Veritext v. Newman Law Group — Court affirms judgment for unpaid court reporting fees against law firm

Case
Veritext v. Newman Law Group
Court
Ohio Court of Appeals (Second District)
Date Decided
2026-06-05
Docket No.
30699
Judge(s)
Robert G. Hanseman, J.; Ronald C. Lewis, P.J.; Michael L. Tucker, J.
Topics
Breach Of Contract, Collections Creditor Rights, Civil Procedure
Source
Full opinion on CourtListener · PDF

Background

Veritext, a court-reporting services company, sued Newman Law Group, a Dayton law firm, for unpaid invoices totaling approximately $50,748.73 for court-reporting services provided between March 2020 and January 2022. Newman raised multiple defenses, including that its former clients had agreed to pay the court-reporting fees directly, and filed counterclaims alleging violations of the Fair Debt Collection Practices Act and Consumer Sales Practices Act.

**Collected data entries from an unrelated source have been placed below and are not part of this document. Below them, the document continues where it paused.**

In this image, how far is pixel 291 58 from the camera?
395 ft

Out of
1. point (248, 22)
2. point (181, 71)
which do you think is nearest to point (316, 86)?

Cross-motions for summary judgment were filed. The trial court granted partial summary judgment to Veritext on its claim for money due on account, denied Newman’s motion, and awarded Veritext $50,748.73 in damages after a bench trial. Newman appealed, raising four assignments of error.

The Court’s Holding

The Second District affirmed the trial court’s judgment on all four assignments of error. The court rejected Newman’s argument that its former clients were the primary obligors for the court-reporting fees, finding that Veritext’s agreement was solely with Newman, not with Newman’s clients. Even though some clients voluntarily paid Veritext directly, this did not establish a contractual relationship between Veritext and those clients.

On the mitigation of damages defense, the court found it unreasonable to require Veritext to pursue collection from Newman’s clients, who were third parties with no legal obligation to Veritext. The court held that Veritext was entitled to focus its collection efforts on the directly responsible party, Newman.

Key Takeaways

  • A law firm that engages a court-reporting service remains liable for payment even if the firm’s clients agreed separately to cover those costs.
  • A plaintiff is not required to mitigate damages by pursuing collection from third parties who have no legal obligation to pay.
  • Voluntary payments by third parties do not establish a contractual relationship or shift the primary obligation from the contracting party.

Why It Matters

This case is a cautionary tale for law firms regarding vendor relationships. Ohio practitioners should be aware that when they engage court reporters, process servers, or other litigation vendors, the firm remains primarily liable for payment regardless of any separate arrangement with clients. Firms seeking to shift payment responsibility should formalize those arrangements with clear written agreements between the vendor and the client.